In 2007, when a bunch of students from IIT-Madras started the Centre for Innovation funded by the alumni of the 1981 batch, little did they know that it would grow as a platform for budding entrepreneurs and a place for people with ideas.
With auto, aero, astronomy, compvision, electronics, design and animation, ibot (robotics), webops (coding) and biotech clubs, CFI has around 300 student-members who walk in with their ideas and passion to see those ideas through.
Rohit Reddy, IIT alumni and founder and CEO, Desto, said, “I was with CFI when it started. I had an ambition to build things that fly. So we built an ornithopter. I am not from an aero background, but we did it.”
This zeal reverberates at the CFI Open House, an exhibition of CFI projects, held last weekend at the IIT-M Campus.
Anumanth Sarma, a student coordinator, said, “Each club has around three projects in various stages of completion here. Some NGOs or companies give their problem statements and we work on those too, and some are student projects.”
CFI gets a majority of its funds from the alumni. “They have extended support in technology and help them take their work elsewhere,” Reddy said.
Industry clients include Alstrut India, Kwik Soft Innovation, Paperman Pvt Ltd, Chennai Corporation, and NGO Vidya Sagar.
Some of the exhibits included hovercrafts and quadrotors, garbage segregation and compressing machines in prototype stage, a Vein Finder that makes detecting veins easier, various projects for a central building management system, alert system for hearing impaired, various devices and software to help autistic children and children with cerebral palsy (under the Team Sahaay that makes products to assist specially-abled people), projection mapping, scene classification, robots that carry loads in factories, and many more.

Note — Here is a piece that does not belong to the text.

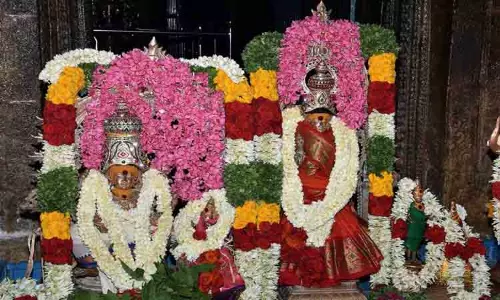 மாயூரநாதர் கோவிலில் ஆனி திருவிழா மாயூரநாதர் கோவிலில் ஆனி திருவிழா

One exhibit includes parts of Raftaar, the formula racing car built from scratch by IIT-M students. The car itself is in transit from Germany, having just been a part of a competition organised by the Formula Student Association of Engineers. This is the team’s third year at FSAE. For most students at CFI, nothing is impossible.
As one alumni says, CFI was like “the Wild West. We had freedom to pursue something we were passionate about. A significant number of students from my batch are entrepreneurs.”
Mahesh Panchagnula, Co-curricular Advisor at IIT-M, said, “The fraction of CFI alumni who have start-ups is significantly higher than other alumni. CFI teaches them to be on their own with minimal mentorship.”
Reddy calls CFI a community. “It gives you a place, time, funding and guidance. And it teaches you to learn and fail and grow. As entrepreneurs it is all about facing the unknown. And CFI gives you that opportunity. It works on a non-incentivised organic model. Once you are done you feel like giving it back. You want to enable other students to have the same experience.”
This feeling of belonging to a larger community has assured that CFI will continue to be aided by those that have been helped by it. After all, what goes around comes around. And with several alumni taking a keen interest in CFI projects, it can be assured that many more ideas will see the light of day.